EXERCISE -> Could you output each record below exactly as it stands and leave the pictures out?

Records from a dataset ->
------------------------------------------------------------------------

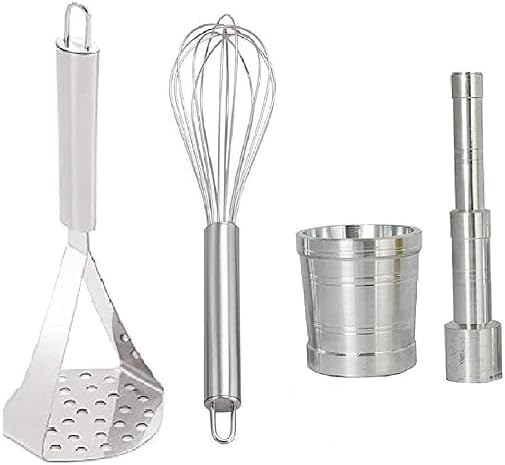 Kitchen Combo Set of Potato Vegetables Pav Bhaji Masher, Egg Beater Whisk & Aluinium Mini 0 Size Khal Batta
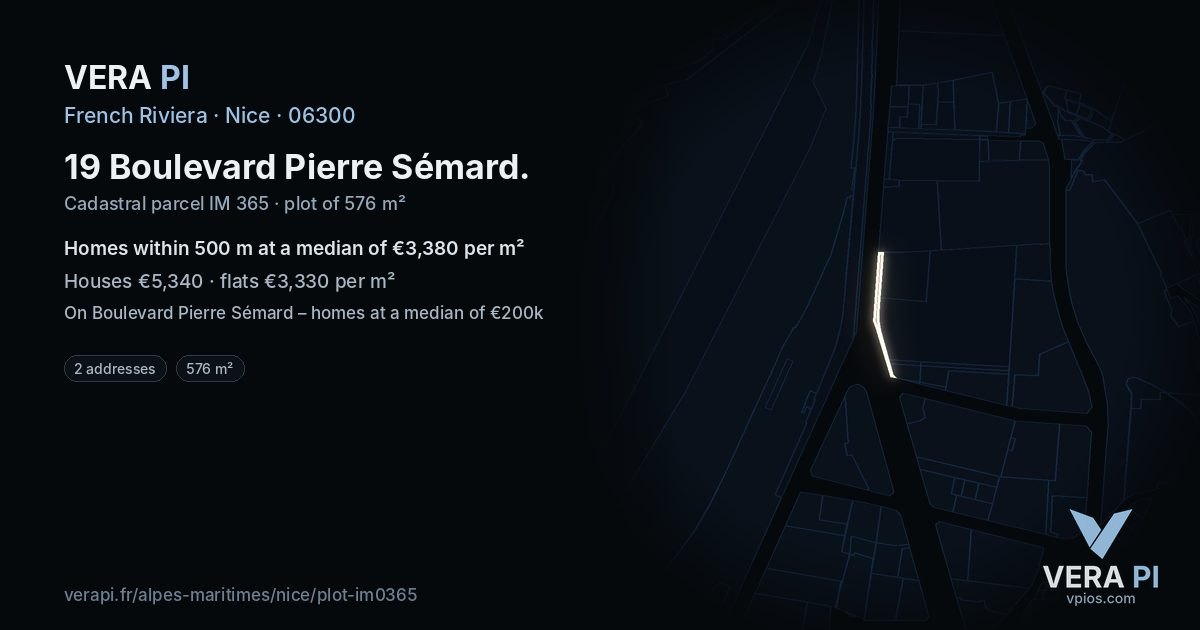 19 Boulevard Pierre Sémard, Nice at night – the plot lit, the parcels around coloured by the prices near them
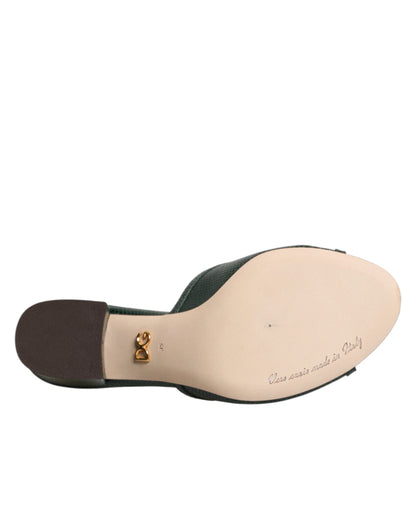 Dolce & Gabbana Green DG Amore Heel Slides Sandals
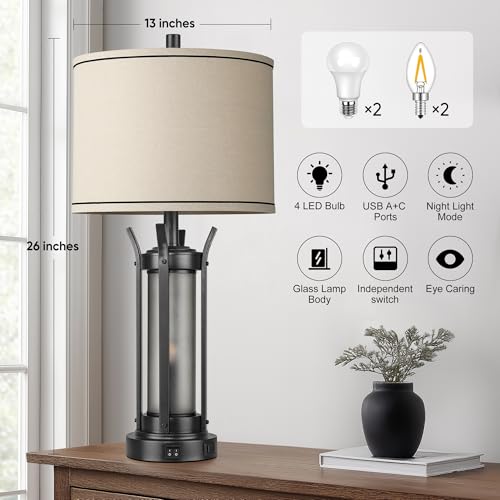 QiMH 26 Inch Rustic Black Table Lamp Set - Farmhouse Bedside Lighting with USB Ports - Style 1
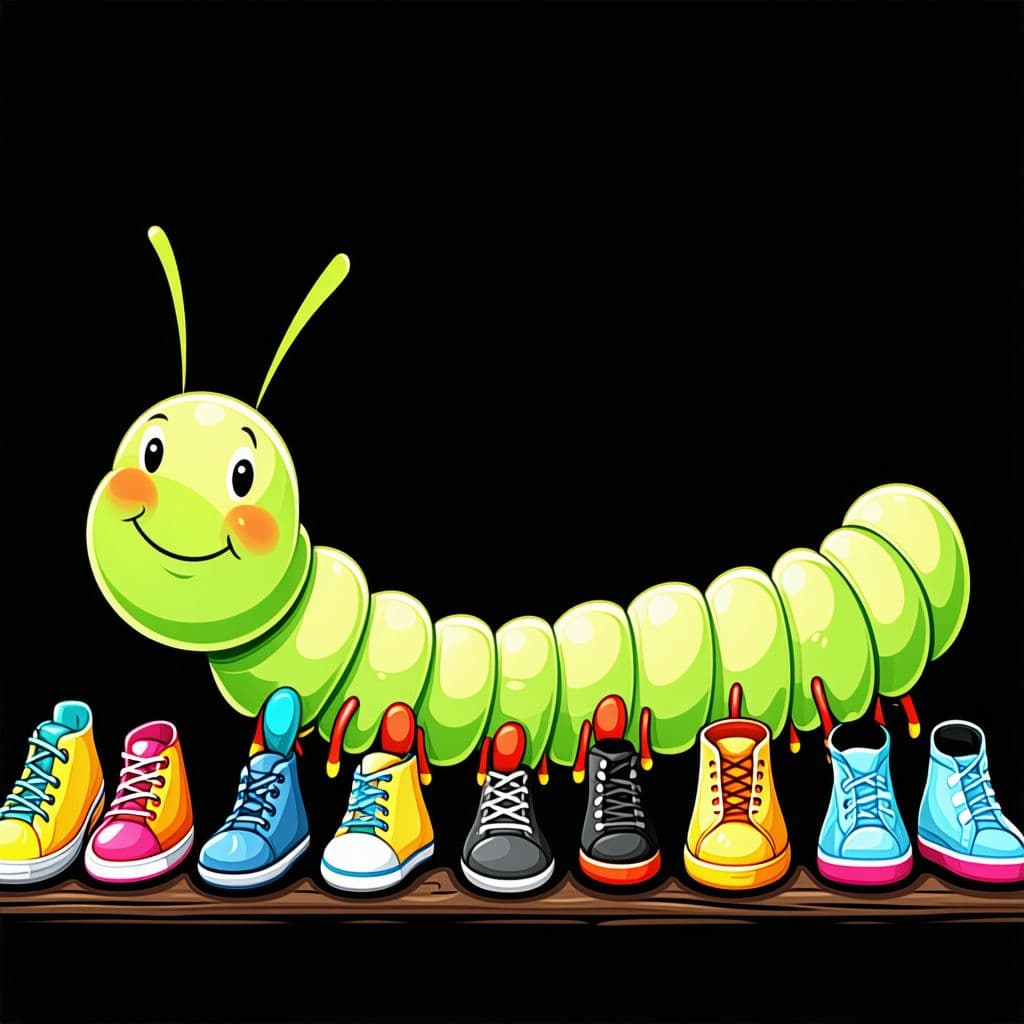 AI generated: A caterpillar that’s late for an event because he cannot find all his shoes.
lots of shoes 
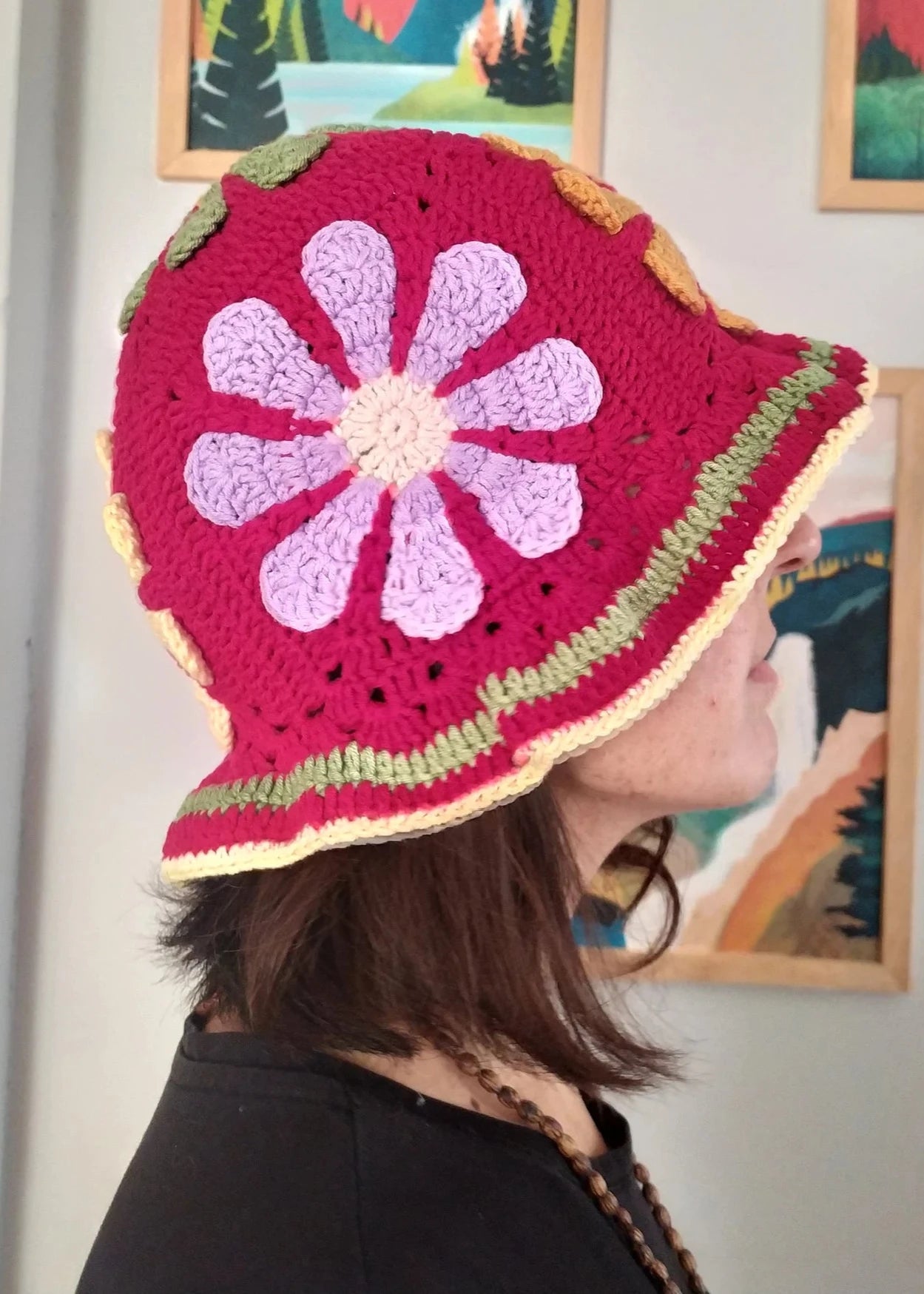 Crochet Bucket Hat, Flower Hippi Crochet Hat, Winter Knit Bucket Hat, Christmas Gift Bucket Hat, Valentines Day Gift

------------------------------------------------------------------------

TASK SOLUTION ->
 Kitchen Combo Set of Potato Vegetables Pav Bhaji Masher, Egg Beater Whisk & Aluinium Mini 0 Size Khal Batta
 19 Boulevard Pierre Sémard, Nice at night – the plot lit, the parcels around coloured by the prices near them
 Dolce & Gabbana Green DG Amore Heel Slides Sandals
 QiMH 26 Inch Rustic Black Table Lamp Set - Farmhouse Bedside Lighting with USB Ports - Style 1
 AI generated: A caterpillar that’s late for an event because he cannot find all his shoes.
lots of shoes 
 Crochet Bucket Hat, Flower Hippi Crochet Hat, Winter Knit Bucket Hat, Christmas Gift Bucket Hat, Valentines Day Gift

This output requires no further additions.